DEQ investigates strange odor in Chalmette - FOX 8, WVUE,, weather, app, news, saints

DEQ investigates strange odor in Chalmette

Hundreds of homes sit near Chalmette's two big refineries and the Rain CII coke plant. Hundreds of homes sit near Chalmette's two big refineries and the Rain CII coke plant.
Approximate location of the Rain CII plant, Valero Refinery and Chalmette Refinery (Google Maps) Approximate location of the Rain CII plant, Valero Refinery and Chalmette Refinery (Google Maps)

There's a strange odor in the air in St. Bernard Parish. It's an odor that can be smelled in Jefferson Parish and parts of New Orleans, too.  Now, the DEQ is getting involved.

Residents in Chalmette and Terrytown first smelled something strange in the air Thursday evening. 

Chalmette resident Michelle Martin says, "It kind of did have a sulfur smell in the air yesterday, didn't really occur to me what it was."

Some people's eyes watered, and others had itchy throats. "The odor's real bad, especially for someone like me who has bronchitis and asthma real bad, you know," said St. Bernard Parish resident Russell Deroche Jr.

The Department of Environmental Quality sent in a mobile air monitoring lab Friday to test the air. A probe takes samples of the air, and then a machine analyzes the samples. The DEQ also brought in field workers.

Tom Killeen, inspections division administrator for DEQ, says, "We have several teams who are out in the community, doing both fence line monitoring around the facilities that are here as well as other areas where there could be sources.  You know, marine sources, rail car sources."

But Killeen thinks the smell is most likely sulfur dioxide or methane coming from the two refineries or the Rain CII coke plant in Chalmette.

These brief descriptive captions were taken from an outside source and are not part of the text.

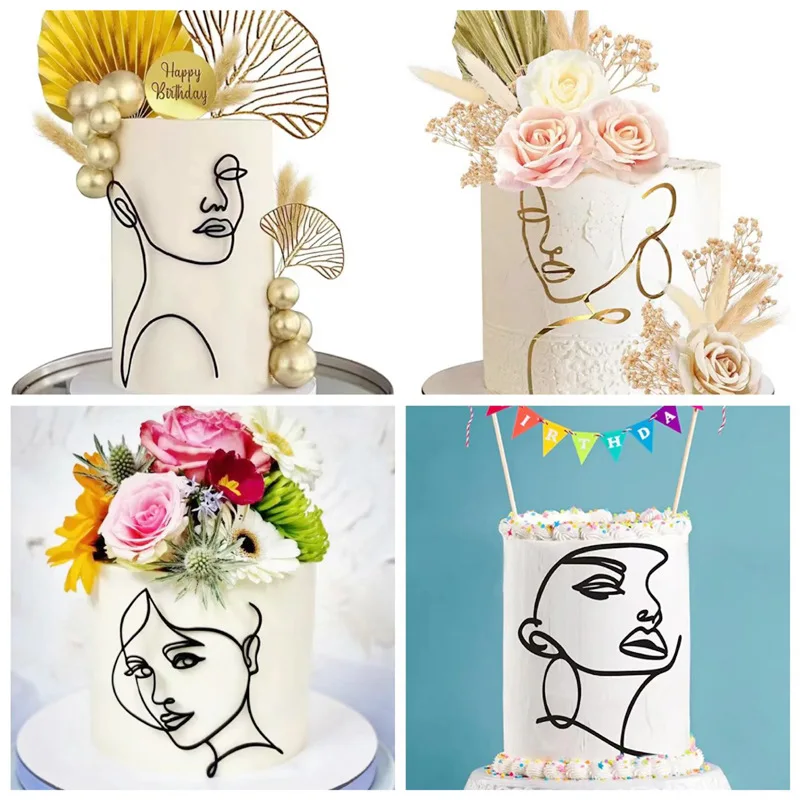 Hot sale Lady Face Line Cake Topper Art Abstract Face Cake Topper For Birthday Decoration Wedding Party Supplies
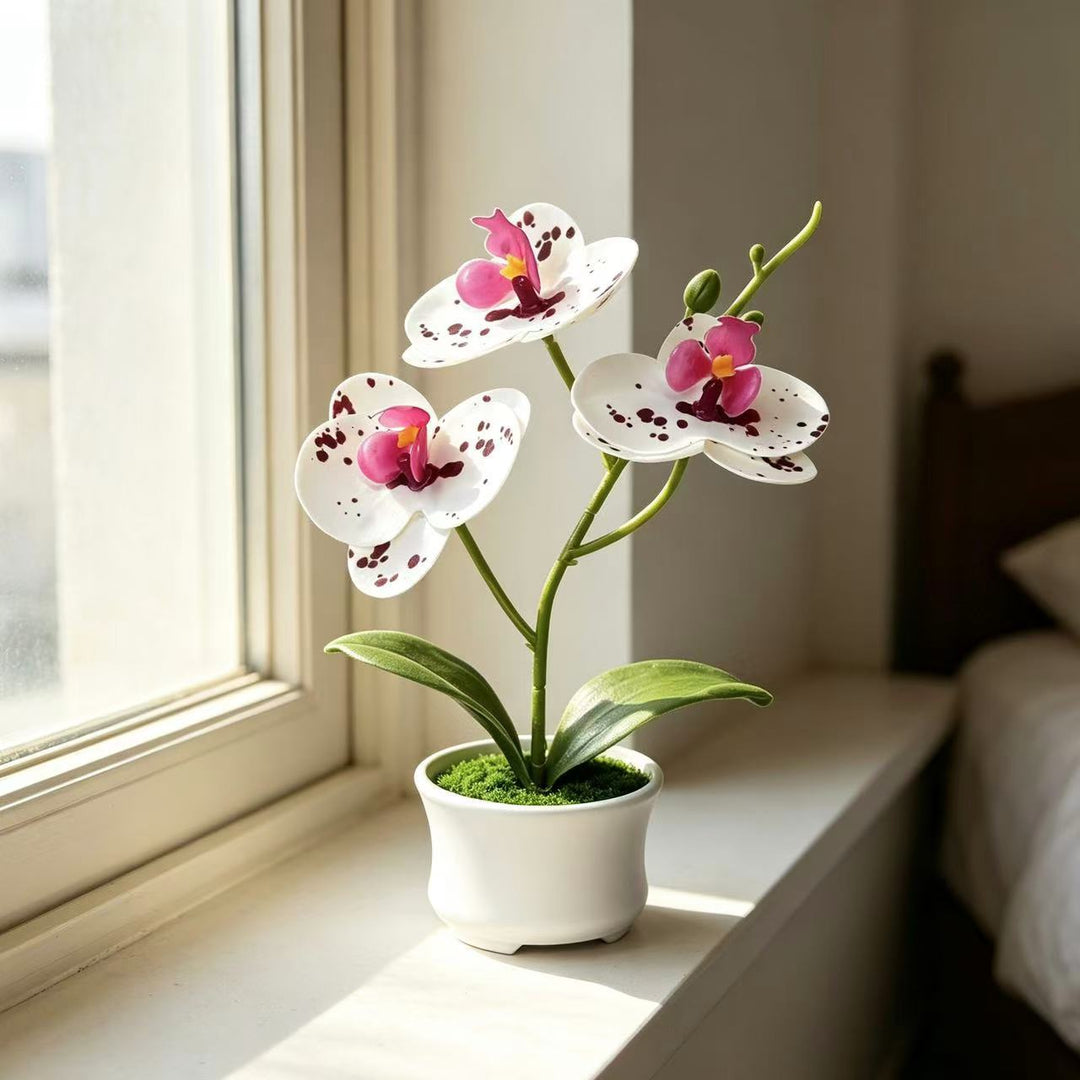 Artificial Orchid Plant for Indoor Home and Office Decor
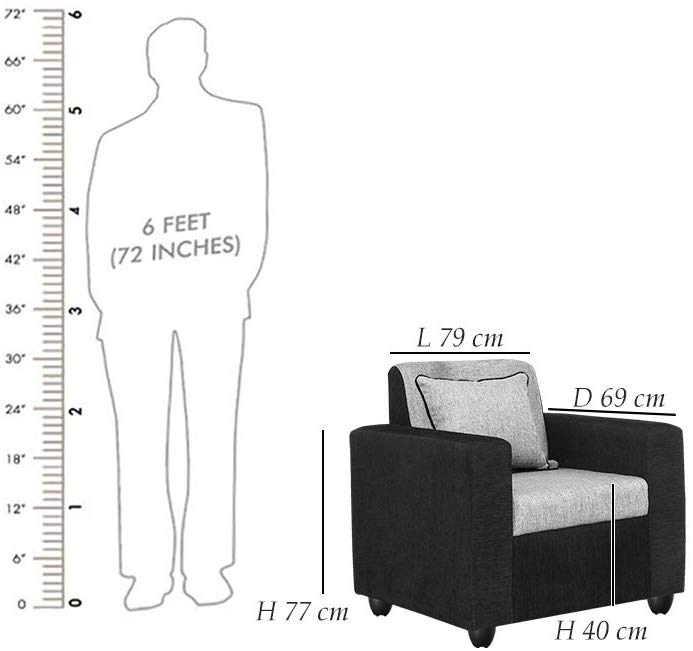 5 Seater Sofa Set: (3+1+1) Fabric Sofa Set (Black & Silver grey)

Killeen says the facilities deny the odor is coming from their plants. However, the tests must still be conducted to make sure the companies are being truthful.

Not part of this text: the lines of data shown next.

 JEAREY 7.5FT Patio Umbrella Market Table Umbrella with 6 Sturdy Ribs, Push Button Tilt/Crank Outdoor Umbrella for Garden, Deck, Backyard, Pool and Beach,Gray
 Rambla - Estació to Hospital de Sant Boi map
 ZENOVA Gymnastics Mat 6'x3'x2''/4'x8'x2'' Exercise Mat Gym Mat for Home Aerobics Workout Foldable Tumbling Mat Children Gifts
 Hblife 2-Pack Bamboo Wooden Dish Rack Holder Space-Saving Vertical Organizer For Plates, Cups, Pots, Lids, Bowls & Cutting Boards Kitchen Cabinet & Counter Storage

It won't be an easy job. "It's difficult. You can feel how the wind is blowing pretty hard, so these plumes or parts of the air are not sticking together, they're dispersing pretty quick right now.  But we're monitoring several different locations," Killeen explained.

In the meantime, DEQ is working with the Environmental Protection Agency to put in place a more stringent limit of just how much sulfur dioxide a company can legally emit. "We feel that a more protective level is necessary," Killeen said.

According to Killeen, the current levels of sulfur dioxide being emitted aren't harmful, but can be irritating to people with weak immune systems. And of course the odor is a nuisance.

Michelle Martin's mother has a weakened immune system. She's hoping new rules will be put into place, saying, "With these houses being so close to the refinery right there, there should be stricter regulations, you know, or put the refineries further away from the neighborhoods. One of the two."

Tom Killeen says the three companies in Chalmette are legally allowed to emit sulfur dioxide, but sometimes other chemicals accidentally get leaked into the air as well.

A spokesman for the Valero plant says they haven't emitted anything into the air that could have caused the odor.  The Chalmette refinery had no comment. 

The Rain CII coke plant released this statement:

Our Rain CII Chalmette Plant is operating under normal conditions and adhering to our permits. We do not believe any of the issues recently reported are due to our facility or operation. We continue to cooperate with the DEQ and other local and state officials.